Dicky melipat kedua bibirnya. Lama ia diam di
sampingku. “Apa ini artinya... ia masih jadi bayang-bayang lo?”
Aku menoleh ketika mendapati suaranya yang berat.
Dicky menunduk, enggan menatapku meski aku tahu ia mengerti jika aku
menantangnya untuk balik menatapku.
Baik, Kinal. Kesalahan apalagi yang telah
kauciptakan di hari yang cerah ceria sejahtera begini?
Aku terbatuk-batuk, suaranya terdengar dipaksa.
Dicky akhirnya mendongak meski masih menolak memandangku. Aku menyembunyikan
wajahku dari rambutku yang terurai sambil harap-harap cemas. Berharap aku punya
alasan ngibrit dari sini segera.
“Lo belom bisa move
on, Nal,” katanya, membuatku sadar apa yang barusan aku lakukan.
Aku tidak tahu apa yang membuat raut wajah dan nada
bicaranya menurun drastis. Tapi bagiku, aku punya kesalahan lain. Kesalahanku
sendiri, yang belum bisa kucap sebagai akibat perubahan Dicky juga.
Ngomongin mantan di depan gebetan itu bukan ide yang
bagus.
Karena aku tidak punya jalan untuk lari, lebih baik
aku memakai jalan tengah saja. Yaitu, mencairkan suasana. “Lo nggak ke kantin,
Dick?”
Dicky menoleh, menatapku datar. “Nggak.”
“Kalau nggak salah, lo bilang tadi... lo nyariin
gue?” kataku dengan nada kocak. Bahan bercanda yang buruk, pikirku kemudian.

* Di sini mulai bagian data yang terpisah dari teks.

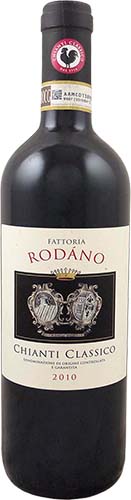 Fattoria Rodano Chianti Classico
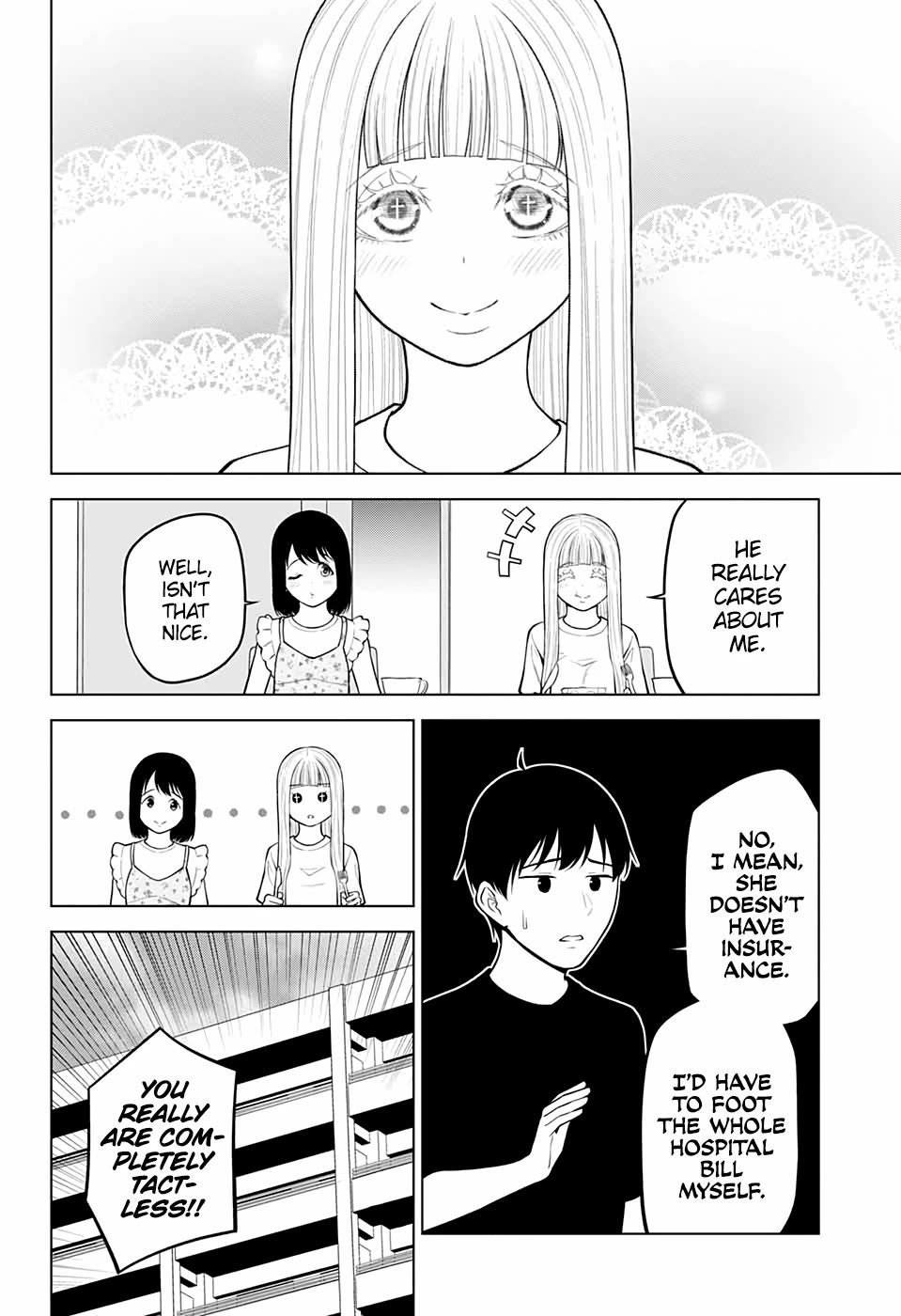 Fallen Angel Theory Chapter 26 page 12 - Chapter 26
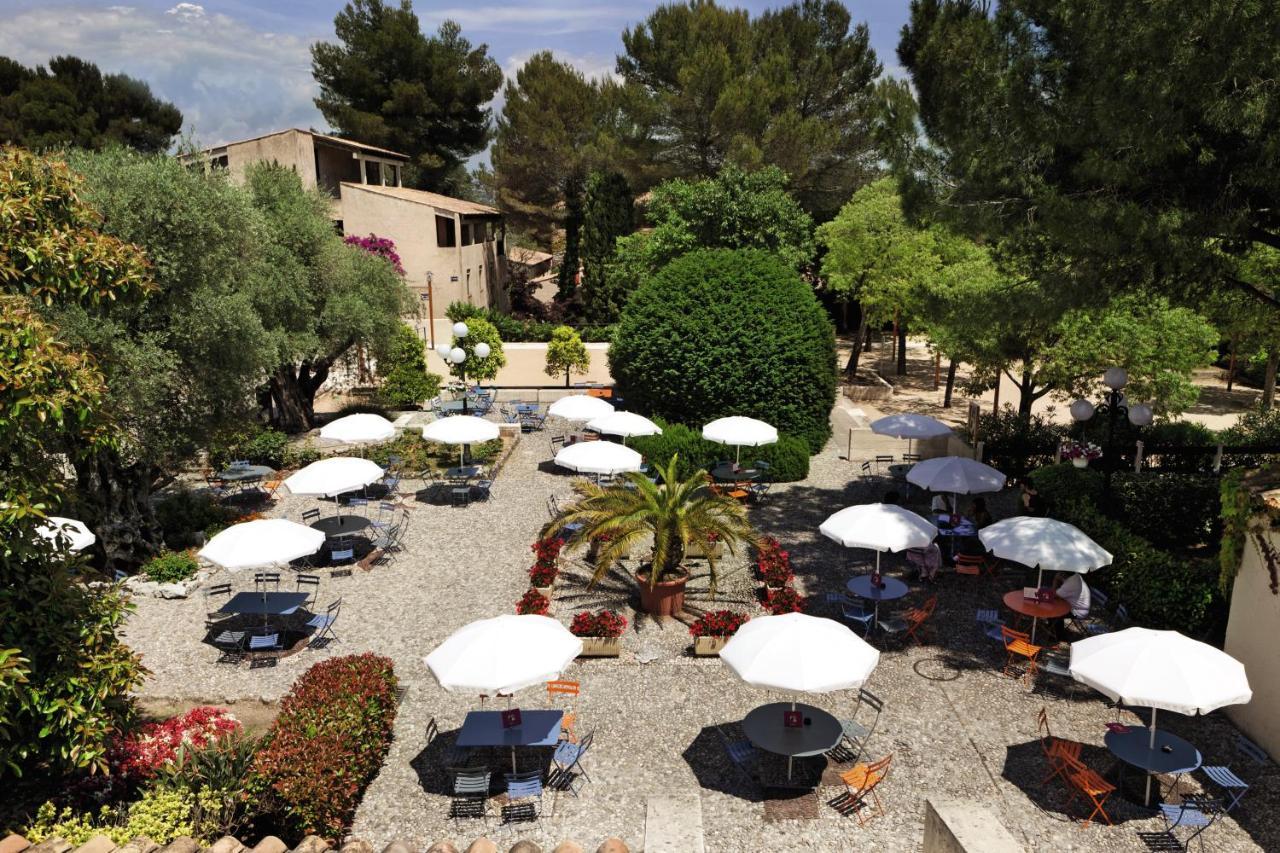 Belambra Clubs La Colle-Sur-Loup - Les Terrasses De Saint-Paul De Vence Otel Dış mekan fotoğraf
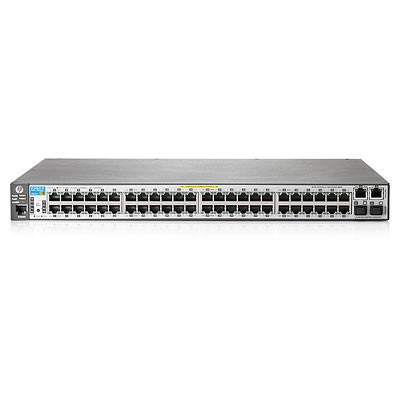 Switch HP ProCurve 2620-48-PoE+ Professionale Ricondizionato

Dicky nyengir. “Ya, gue mau tahu aja apa lo babak
belur setelah bersihin kamar mandi.”
“Sialan.”
“Hai, Dicky!”
Kami berdua kompak memandang ke samping Dicky. Nada
sapaan tadi di telingaku seperti bagian penyambutan acara kuis berhadiah. Tapi
begitu melihat pemilik suara yang berjalan berlenggak-lenggok menuju kami,
dengan menyodorkan wajah itu-itu saja hingga membuatku bosan, nada bicara tadi
di telingaku berubah menjadi bagian penyambutan di acara lamaran nasib buruk
oleh mak lampir.
“Lo nggak ke kantin? Kebetulan!” kata Mela menjawab
pertanyaannya sendiri sambil menjentikkan jari. “Gue bawa makanan. Gue buat
sendiri loooh. Terima, ya?” katanya sambil menyerahkan boks makanan.
Dicky menerimanya sambil nyengir dan mengucap terima
kasih. Aku melengos. Oke, teatrikal panggung sandiwara akan segera
dimulai...
“Eh, ada lo Nal?” sahut Mela sambil melirik. Aku
pura-pura tidak mendengar. “Gimana? Udah bersih kamar mandinya?”
“Kok elo tahu kalo Kinal dihukum?” celetuk Dicky.
“Ya tahulah! Tadi Naomi lapor pas dia ke kamar
mandi. Eh, Dick, Kinal ini jangan-jangan keturunan babu, lagi!”
Aku melotot ganas kepadanya, disambut pelototan
juga. Dicky yang menyadari atmosfer berbeda kala itu merentangkan tangannya.
“Kalian kalau ketemu kenapa selalu berantem sih?”
tanya Dicky.
“Dia yang mulai!”
Pelototanku makin lebar dan mungkin mataku nyaris
melonjak keluar, mendapati karena aku bicara barengan dengan Mela barusan.
Dicky menatap kami satu persatu. “Emangnya ada apa
sih? Punya dendam pribadi?”
“Dia nyebelin!”
Dicky ngakak. “Ngomongnya barengan lagi.
Jangan-jangan... kalian jodoh lagi!!”
Mela menghunuskan tatapan mengancamnya pada Dicky
sementara aku melayangkan pandangan sengit. Dicky mengibas-ngibaskan tangan,
seolah kewalahan. Aku beranjak berdiri dan Dicky menatapku bingung.
“Mau ke mana, Nal?”
Aku tidak menjawab dan langsung melangkah pergi.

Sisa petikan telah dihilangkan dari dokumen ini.